Those who’ve known me the longest and those who know me the best sometimes express surprise or amusement when I am described as shy or introverted. I don’t blame them for being befuddled really. When I was a little girl, everyone was a potential friend, and I wasn’t afraid to go up to strangers and talk a mile-a-minute in their ear, occasionally with a foreign accent. My mom, I think, is still mortified by the memory of mini me singing and dancing in public, loudly and without shame. I later sang solos and in harmony with choirs and bands on stage, starred in musicals and was often called upon to speak in front of sizeable groups, whether at church or in school. While nerves sometimes caused my legs or voice to shake, I usually felt comfortable singing or sharing my words in front of a crowd.
With adolescence came self-consciousness and fear of sounding unpolished or un-cool. True, that didn’t entirely stop me from speaking up in class when I felt confident, from commanding a stage or even from traveling overseas with strangers. However, as I grew older there were times when I was hesitant to strike out on my own in an unfamiliar environment, and I instead clung to those with whom I felt most comfortable.
Still, I chose to go to college 3,000 miles away from almost everyone who knew me best. Suddenly becoming a very small fish in a very big ocean of people intimidated me more than a little bit. I grew less confident of my place in the world and less sure that people wanted to hear what I had to say.
As an adult, the onset of chronic illness narrowed my audience even further to my family and the closest of friends. I was usually physically confined to my home (and forced to spend the majority of many years at least partially reclined in a bed, chair or couch), so my interpersonal interactions with others most often took place over the phone or on the Internet. I grew very comfortable expressing myself with the written word. Whether I was reporting the news, baring my soul in online journals and magazines, or first getting to know new people via Internet sites and social media, I began to depend on writing as my primary vehicle of expression.
The biggest exceptions were when I was teaching young people or when I was singing in front of an audience. Children appreciated what I had to teach best when I could also express my playful side, luckily for me. I also felt very comfortable sharing the subjects about which I was most passionate and that I knew the best.

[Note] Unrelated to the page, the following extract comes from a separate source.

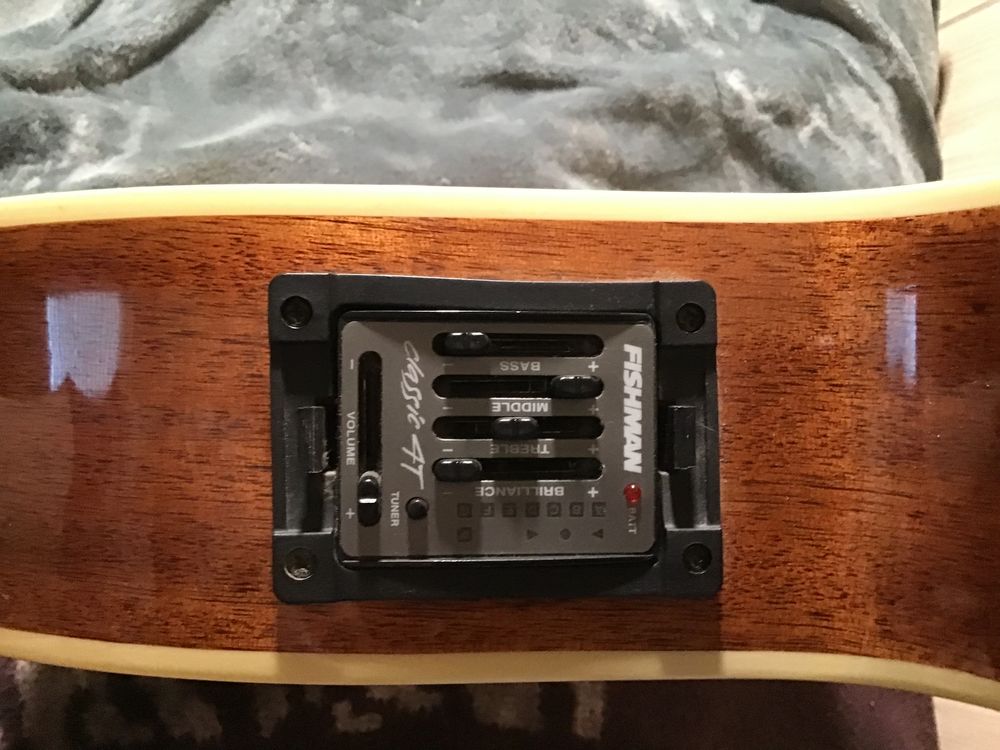 guitare Cort SFX5 gaucher,bon &eacute;tat,super preampli, 200 Instruments de musique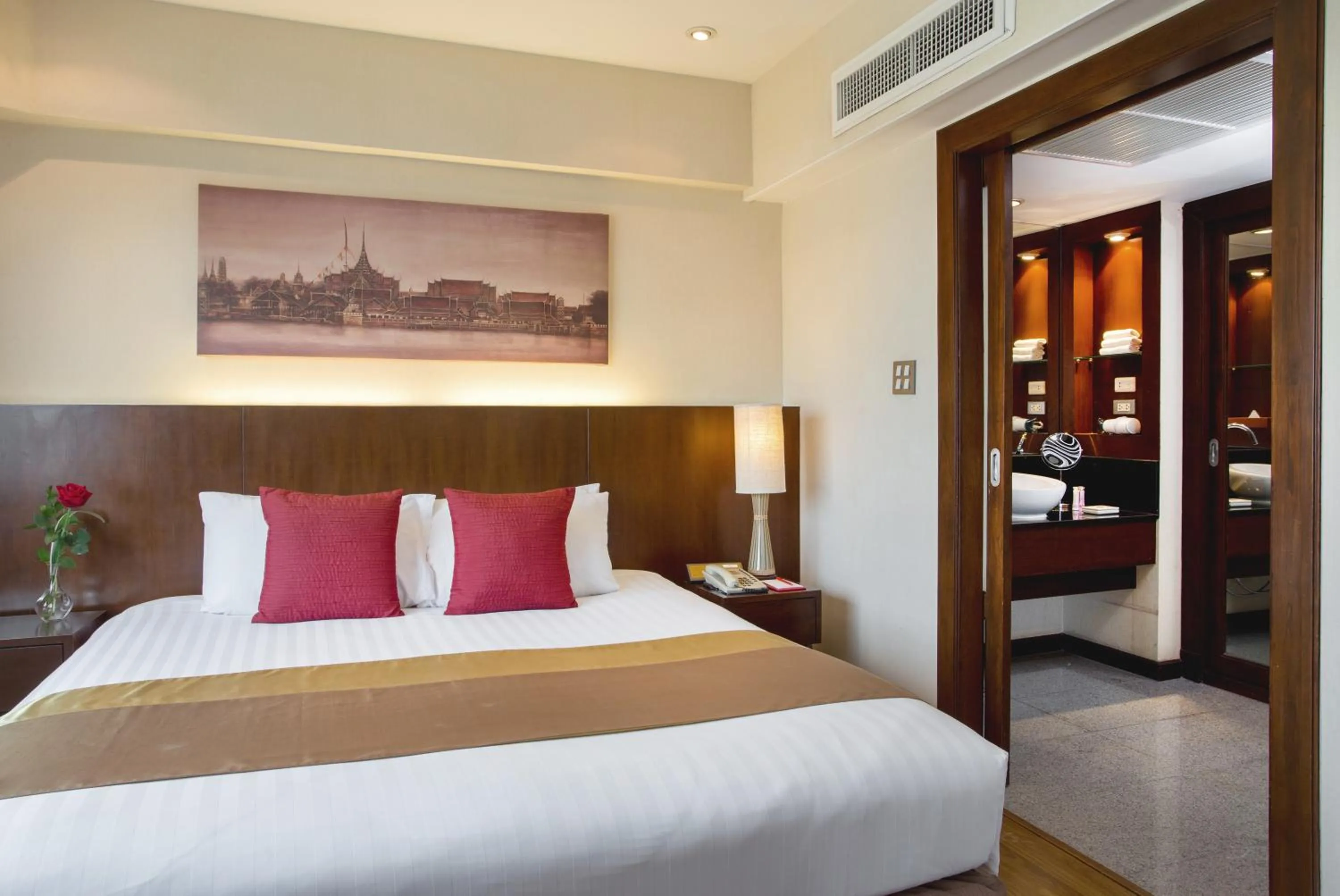 Bedroom, Bed in Ramada Plaza by Wyndham Bangkok Menam Riverside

And when it came to performing music, whom did I know better than myself? It’s not surprising then that singing and playing my original songs in front of others began to feel more and more natural to me. It also didn’t hurt that I usually had a close friend or romantic partner in the audience supporting and cheering me on. Performing in the same venues week after week, I also grew comfortable enough to consider the other musicians good acquaintances, if not friends.
But then I developed the neurological movement disorder dystonia, and I was forced to step away from both teaching and playing music. Not only could I not stand for very long without falling, extended conversations exhausted the jaw and neck muscles, causing stutters, voice breaks and storms of odd-looking muscle contractions. Emotional excitement—whether negative or positive—often caused my muscles to freeze up or, alternately, become exceedingly jumpy. As result, I was forced to rely on other people for help moving around or getting things done. And, at times, the only way my needs could most adequately be expressed was when others literally spoke for me.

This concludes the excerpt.